Alexis Madrigal’s recent article (Inside the Google Books Algorithm) has some valuable insights about the difficulties in adapting Google’s PageRank algorithm, which it developed for searching Web pages, to books. The article was apparently written on the occasion of the launching of the Rich Results feature in GBS, and Madrigal mixes this with his discussion of Google’s on-going work with the algorithm. Reading the article closely, and checking out GBS pages myself, I see that Rich Results — which adds options for viewing search results — is a relatively superficial innovation when compared to the deeper and more subtle changes that Madrigal discusses.
Madrigal’s article is especially valuable because it includes his interviews with Google engineers on the challenges of the book algorithm. So in this article I’m excerpting these remarks and other insights by Madrigal.
After an introductory paragraph on the the great success of the Google algorithm for searching Web pages, Madrigal quickly moves to the challenges of adapting this to books. Thinking of the Books in Browsers conference I recently attended, and also of Hugh Mcguire’s idea that books and the web will soon merge, I’m particularly struck by Madrigal’s characterizion of books as being “outside the web” (This is no doubt said from the viewpoint of the Web search algorithm, since GBS books lack the links essential for PageRank. But in comparison to other forms of digitized books, GBS books are relatively more part of the Web, since they can be linked and used in a browser):
(Madrigal’s words, boldface throughout added) …
But what about when the company has to reach outside the web? The printed volumes represented on Google Books form a completely different kind of problem. Google’s famous algorithm can’t be deployed to search through books because they don’t link to each other in the way that webpages do. There is no perfect BookRank corollary for PageRank.
All of which made me wonder: How does Google Books work? What makes it tick? It turns out that it’s actually a great place for the company’s engineers to learn how to function in a linkless, physical world.
“There is a meaningful effort to say, how do we tune for books? We’ve got a lot of people doing very focused on the web. How do we take the lessons from what we learned on the web and invent new things that are unique to books?” Matthew Gray, lead software engineer of Google Books, told me.
After a brief digression on the new Rich Results feature, Madrigal moves to the heart of the article, on the more fundamental improvements in the GBS algorithm. I’m especially struck here that library holdings information is included:
Rich Results is the latest in a series of smaller front-end tweaks that have been matched by backend improvements. Now, the book search algorithm takes into account more than 100 “signals,” individual data categories that Google statistically integrates to rank your results. When you search for a book, Google Books doesn’t just look at word frequency or how closely your query matches the title of a book. They now take into account web search frequency, recent book sales, the number of libraries that hold the title, and how often an older book has been reprinted.

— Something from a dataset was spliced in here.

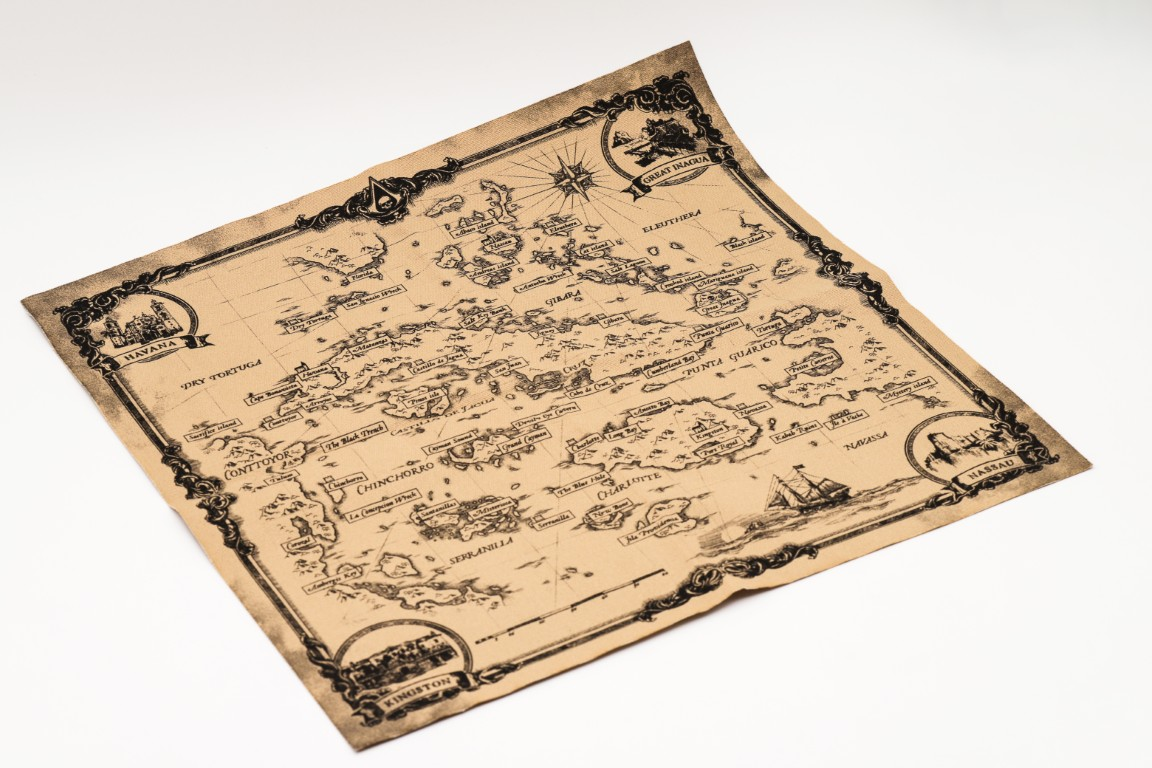 Stara mapa z wyspami, miastami i statkami, w stylu pirackim.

More comments by Google engineers on the differences between Web pages and books:
“One of the fundamental things we’ve learned is that the whole is greater than the sum of the parts,” Gray said. This is deeply Google thinking but without the dominant algorithm. It’s a Google subspecies that evolved by feeding on a different corpus. There is less data about books than web pages, but there is more structure to it, and there’s less spam to contend with.
The most difficult part of making Google Books work, said James Crawford, the team’s engineering director, was determining the intent of the service’s heterogeneous user base. Scholars who search Google Books have very different wants and expectations from casual users looking to find a trade fiction title.
Concluding remarks — Especially interesting here is the idea that the real advances will happen after digitization is completed — Makes me think of Mike Cane’s remarks about Google’s use of metadata and how they use it to “make information do things”:
All the Google Books tweaks I’ve noticed are small. But you add them all up and apply them to the 15 million books Google has scanned and the truly unprecedented nature of Google Books starts to emerge. “We’re in the middle of doing something radical. No one has ever pulled together this whole collection, scanning books from 40 different libraries,” Crawford said. “I would say our general approach here has been to just get the books scanned because until they are digitized and OCR is done, you aren’t even in the game. As we get more and more content on line, the work that Matthew’s team gets to be more and more important and more and more doable.”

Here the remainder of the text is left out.